» PROVIDED DATA
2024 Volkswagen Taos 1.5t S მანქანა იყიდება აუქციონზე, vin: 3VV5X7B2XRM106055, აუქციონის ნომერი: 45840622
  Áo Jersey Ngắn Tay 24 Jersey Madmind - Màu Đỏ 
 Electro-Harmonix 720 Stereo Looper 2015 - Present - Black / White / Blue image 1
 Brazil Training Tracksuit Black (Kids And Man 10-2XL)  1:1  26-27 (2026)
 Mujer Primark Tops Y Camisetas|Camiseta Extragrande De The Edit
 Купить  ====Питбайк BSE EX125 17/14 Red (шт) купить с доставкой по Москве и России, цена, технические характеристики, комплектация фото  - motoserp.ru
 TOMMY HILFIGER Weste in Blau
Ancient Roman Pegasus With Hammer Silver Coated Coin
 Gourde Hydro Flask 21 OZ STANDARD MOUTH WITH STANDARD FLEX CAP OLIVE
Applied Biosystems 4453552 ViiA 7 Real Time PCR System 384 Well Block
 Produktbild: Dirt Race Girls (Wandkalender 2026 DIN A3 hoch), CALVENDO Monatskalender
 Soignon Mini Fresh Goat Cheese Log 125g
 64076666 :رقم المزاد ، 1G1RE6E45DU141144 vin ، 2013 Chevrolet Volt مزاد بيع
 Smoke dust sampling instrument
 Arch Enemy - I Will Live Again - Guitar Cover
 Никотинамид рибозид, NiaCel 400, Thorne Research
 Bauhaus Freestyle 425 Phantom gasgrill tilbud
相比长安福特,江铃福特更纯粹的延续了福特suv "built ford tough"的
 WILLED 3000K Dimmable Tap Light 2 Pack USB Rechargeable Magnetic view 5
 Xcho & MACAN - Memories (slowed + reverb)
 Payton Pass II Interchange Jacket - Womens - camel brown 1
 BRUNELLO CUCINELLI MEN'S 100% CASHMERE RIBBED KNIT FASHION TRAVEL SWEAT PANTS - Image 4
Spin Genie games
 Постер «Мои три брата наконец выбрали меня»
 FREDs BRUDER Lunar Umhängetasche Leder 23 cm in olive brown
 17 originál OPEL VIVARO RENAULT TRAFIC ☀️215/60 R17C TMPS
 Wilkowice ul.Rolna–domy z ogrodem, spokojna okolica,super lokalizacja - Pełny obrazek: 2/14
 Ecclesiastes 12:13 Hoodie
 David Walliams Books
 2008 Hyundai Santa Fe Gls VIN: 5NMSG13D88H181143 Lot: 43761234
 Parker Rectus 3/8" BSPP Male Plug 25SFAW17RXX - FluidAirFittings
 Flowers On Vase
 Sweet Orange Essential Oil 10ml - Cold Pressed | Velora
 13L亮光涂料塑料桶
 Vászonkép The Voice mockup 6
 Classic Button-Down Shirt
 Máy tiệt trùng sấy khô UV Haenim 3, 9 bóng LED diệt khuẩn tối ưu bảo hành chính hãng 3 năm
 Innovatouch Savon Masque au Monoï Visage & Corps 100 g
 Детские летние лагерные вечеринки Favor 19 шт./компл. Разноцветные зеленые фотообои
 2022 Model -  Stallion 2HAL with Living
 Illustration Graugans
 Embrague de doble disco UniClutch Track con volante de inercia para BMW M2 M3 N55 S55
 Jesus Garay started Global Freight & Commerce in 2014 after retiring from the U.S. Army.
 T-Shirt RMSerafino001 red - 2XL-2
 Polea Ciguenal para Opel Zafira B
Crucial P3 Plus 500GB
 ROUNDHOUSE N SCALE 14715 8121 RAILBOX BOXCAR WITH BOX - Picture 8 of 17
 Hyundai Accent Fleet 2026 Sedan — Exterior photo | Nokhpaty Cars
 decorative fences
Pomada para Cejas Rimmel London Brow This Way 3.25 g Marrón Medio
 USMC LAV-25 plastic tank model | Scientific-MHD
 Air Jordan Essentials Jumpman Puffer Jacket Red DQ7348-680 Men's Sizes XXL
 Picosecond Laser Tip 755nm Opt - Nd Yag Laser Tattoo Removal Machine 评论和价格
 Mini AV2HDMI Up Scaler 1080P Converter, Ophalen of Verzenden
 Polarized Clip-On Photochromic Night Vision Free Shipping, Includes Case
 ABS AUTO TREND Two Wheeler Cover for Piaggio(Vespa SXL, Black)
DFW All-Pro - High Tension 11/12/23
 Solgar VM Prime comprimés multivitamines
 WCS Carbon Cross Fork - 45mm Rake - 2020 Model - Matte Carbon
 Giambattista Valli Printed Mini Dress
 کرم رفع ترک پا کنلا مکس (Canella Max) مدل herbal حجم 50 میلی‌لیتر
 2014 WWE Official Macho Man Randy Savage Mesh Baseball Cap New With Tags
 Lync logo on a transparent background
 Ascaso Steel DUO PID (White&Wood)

» EXERCISE DESCRIPTION
Keeping every word and mark as it is, print the entries above.

» SOLUTION FOR THIS TASK
2024 Volkswagen Taos 1.5t S მანქანა იყიდება აუქციონზე, vin: 3VV5X7B2XRM106055, აუქციონის ნომერი: 45840622
  Áo Jersey Ngắn Tay 24 Jersey Madmind - Màu Đỏ 
 Electro-Harmonix 720 Stereo Looper 2015 - Present - Black / White / Blue image 1
 Brazil Training Tracksuit Black (Kids And Man 10-2XL)  1:1  26-27 (2026)
 Mujer Primark Tops Y Camisetas|Camiseta Extragrande De The Edit
 Купить  ====Питбайк BSE EX125 17/14 Red (шт) купить с доставкой по Москве и России, цена, технические характеристики, комплектация фото  - motoserp.ru
 TOMMY HILFIGER Weste in Blau
Ancient Roman Pegasus With Hammer Silver Coated Coin
 Gourde Hydro Flask 21 OZ STANDARD MOUTH WITH STANDARD FLEX CAP OLIVE
Applied Biosystems 4453552 ViiA 7 Real Time PCR System 384 Well Block
 Produktbild: Dirt Race Girls (Wandkalender 2026 DIN A3 hoch), CALVENDO Monatskalender
 Soignon Mini Fresh Goat Cheese Log 125g
 64076666 :رقم المزاد ، 1G1RE6E45DU141144 vin ، 2013 Chevrolet Volt مزاد بيع
 Smoke dust sampling instrument
 Arch Enemy - I Will Live Again - Guitar Cover
 Никотинамид рибозид, NiaCel 400, Thorne Research
 Bauhaus Freestyle 425 Phantom gasgrill tilbud
相比长安福特,江铃福特更纯粹的延续了福特suv "built ford tough"的
 WILLED 3000K Dimmable Tap Light 2 Pack USB Rechargeable Magnetic view 5
 Xcho & MACAN - Memories (slowed + reverb)
 Payton Pass II Interchange Jacket - Womens - camel brown 1
 BRUNELLO CUCINELLI MEN'S 100% CASHMERE RIBBED KNIT FASHION TRAVEL SWEAT PANTS - Image 4
Spin Genie games
 Постер «Мои три брата наконец выбрали меня»
 FREDs BRUDER Lunar Umhängetasche Leder 23 cm in olive brown
 17 originál OPEL VIVARO RENAULT TRAFIC ☀️215/60 R17C TMPS
 Wilkowice ul.Rolna–domy z ogrodem, spokojna okolica,super lokalizacja - Pełny obrazek: 2/14
 Ecclesiastes 12:13 Hoodie
 David Walliams Books
 2008 Hyundai Santa Fe Gls VIN: 5NMSG13D88H181143 Lot: 43761234
 Parker Rectus 3/8" BSPP Male Plug 25SFAW17RXX - FluidAirFittings
 Flowers On Vase
 Sweet Orange Essential Oil 10ml - Cold Pressed | Velora
 13L亮光涂料塑料桶
 Vászonkép The Voice mockup 6
 Classic Button-Down Shirt
 Máy tiệt trùng sấy khô UV Haenim 3, 9 bóng LED diệt khuẩn tối ưu bảo hành chính hãng 3 năm
 Innovatouch Savon Masque au Monoï Visage & Corps 100 g
 Детские летние лагерные вечеринки Favor 19 шт./компл. Разноцветные зеленые фотообои
 2022 Model -  Stallion 2HAL with Living
 Illustration Graugans
 Embrague de doble disco UniClutch Track con volante de inercia para BMW M2 M3 N55 S55
 Jesus Garay started Global Freight & Commerce in 2014 after retiring from the U.S. Army.
 T-Shirt RMSerafino001 red - 2XL-2
 Polea Ciguenal para Opel Zafira B
Crucial P3 Plus 500GB
 ROUNDHOUSE N SCALE 14715 8121 RAILBOX BOXCAR WITH BOX - Picture 8 of 17
 Hyundai Accent Fleet 2026 Sedan — Exterior photo | Nokhpaty Cars
 decorative fences
Pomada para Cejas Rimmel London Brow This Way 3.25 g Marrón Medio
 USMC LAV-25 plastic tank model | Scientific-MHD
 Air Jordan Essentials Jumpman Puffer Jacket Red DQ7348-680 Men's Sizes XXL
 Picosecond Laser Tip 755nm Opt - Nd Yag Laser Tattoo Removal Machine 评论和价格
 Mini AV2HDMI Up Scaler 1080P Converter, Ophalen of Verzenden
 Polarized Clip-On Photochromic Night Vision Free Shipping, Includes Case
 ABS AUTO TREND Two Wheeler Cover for Piaggio(Vespa SXL, Black)
DFW All-Pro - High Tension 11/12/23
 Solgar VM Prime comprimés multivitamines
 WCS Carbon Cross Fork - 45mm Rake - 2020 Model - Matte Carbon
 Giambattista Valli Printed Mini Dress
 کرم رفع ترک پا کنلا مکس (Canella Max) مدل herbal حجم 50 میلی‌لیتر
 2014 WWE Official Macho Man Randy Savage Mesh Baseball Cap New With Tags
 Lync logo on a transparent background
 Ascaso Steel DUO PID (White&Wood)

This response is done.